* _TO DO_: Reproduce word for word the lines between those holding "Woman Within Plus" and "20 oz Skinny Tumbler - Floral", inclusive, and nothing else from the data below.

[DATA PROVIDED — start]

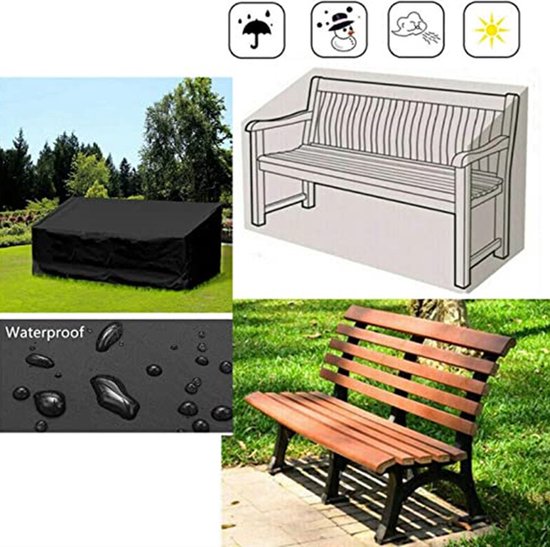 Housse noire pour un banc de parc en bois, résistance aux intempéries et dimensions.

[DATA PROVIDED — finish]
[DATA PROVIDED — start]

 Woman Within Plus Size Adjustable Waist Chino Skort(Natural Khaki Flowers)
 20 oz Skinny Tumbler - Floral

[DATA PROVIDED — finish]
[DATA PROVIDED — start]

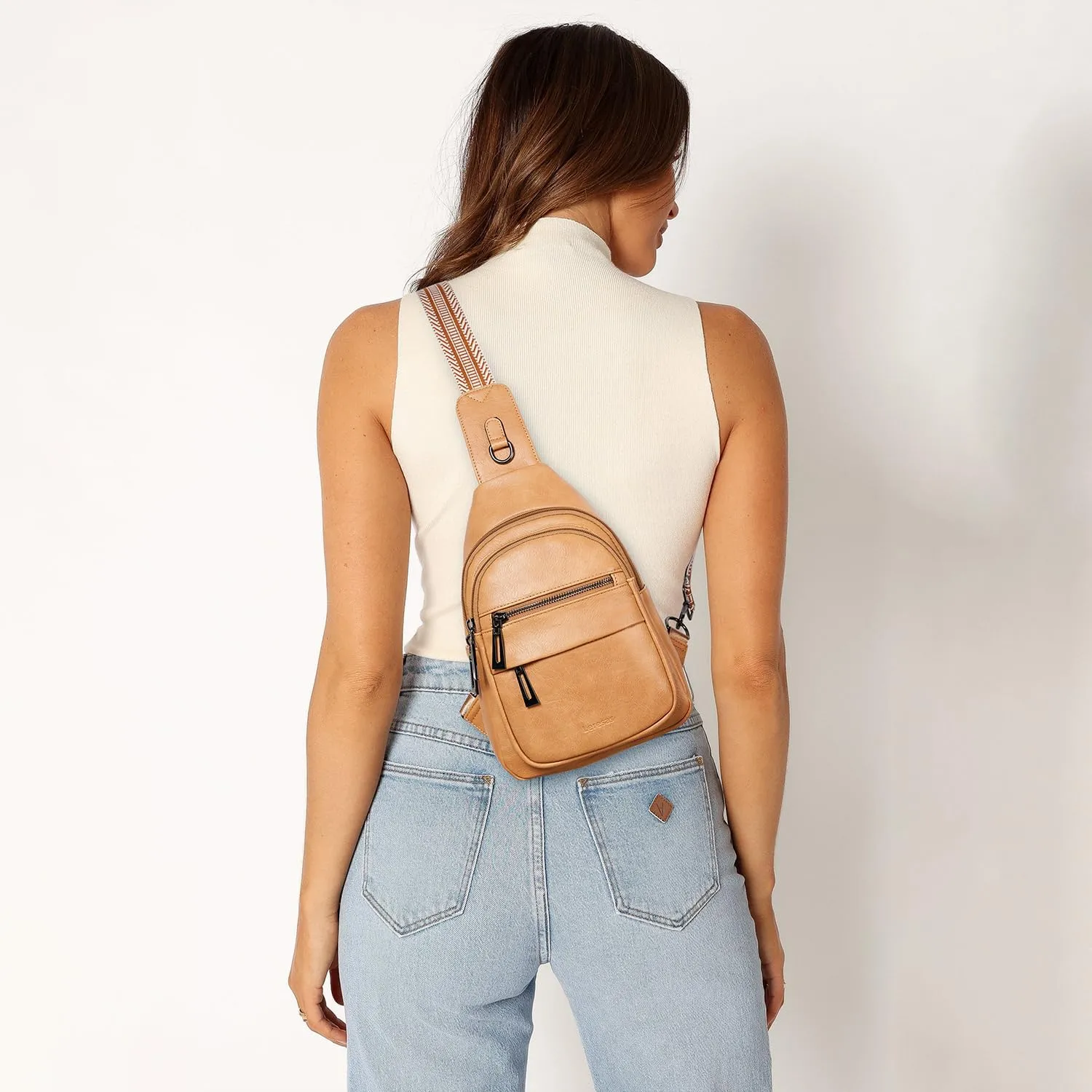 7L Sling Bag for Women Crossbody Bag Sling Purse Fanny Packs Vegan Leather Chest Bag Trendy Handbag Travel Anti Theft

[DATA PROVIDED — finish]

* _ANSWER SECTION_:
 Woman Within Plus Size Adjustable Waist Chino Skort(Natural Khaki Flowers)
 20 oz Skinny Tumbler - Floral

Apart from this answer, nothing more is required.